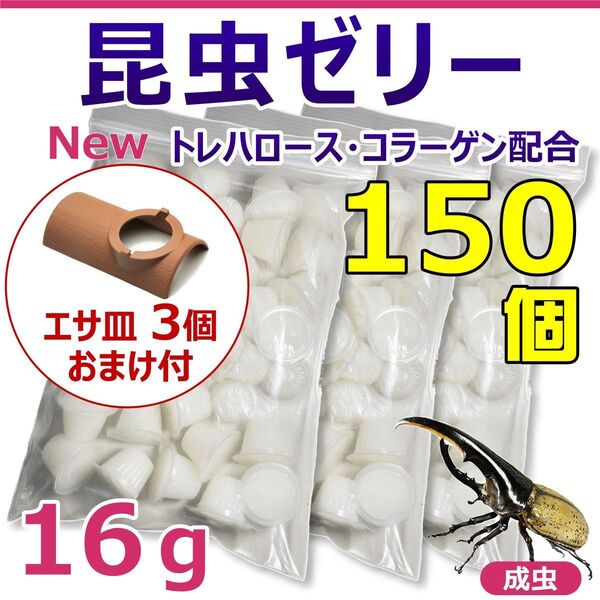 昆虫ゼリー 50個入り 3袋 合計150個 エサ皿おまけ付き! カブトムシ・クワガタの長期飼育に最適! 国産・高品質! 硬め仕上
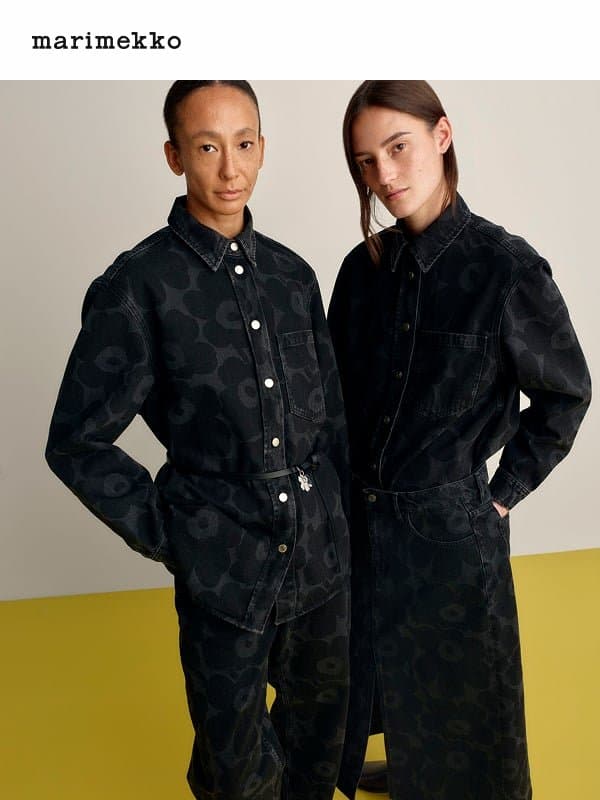 Your back-to-work uniform email from Marimekko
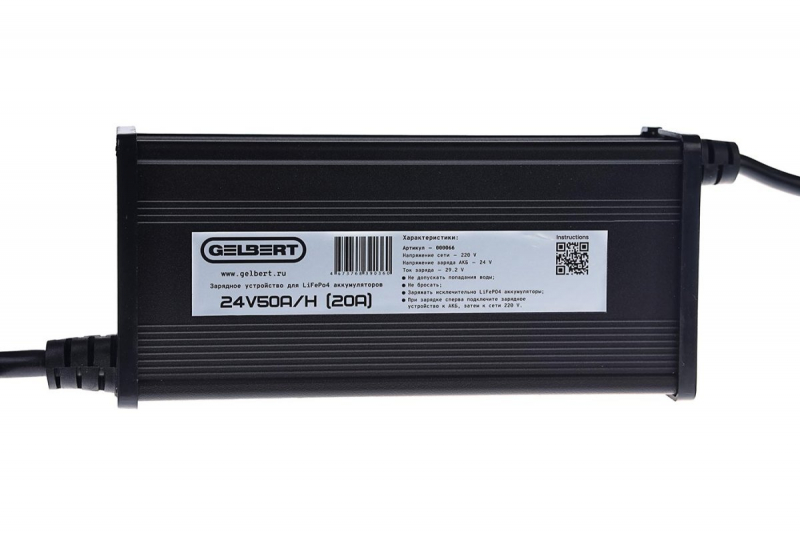 Зарядное устройство Gelbert для LiFePo4 аккумуляторов 24V50A/H (20А) HV Market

### YOUR ASSIGNMENT
Omit the pictures and write out the lines above from the one with "Your back-to-work uniform" through the last, unchanged.

### OUTPUT FOR THIS EXERCISE
 Your back-to-work uniform email from Marimekko
 Зарядное устройство Gelbert для LiFePo4 аккумуляторов 24V50A/H (20А) HV Market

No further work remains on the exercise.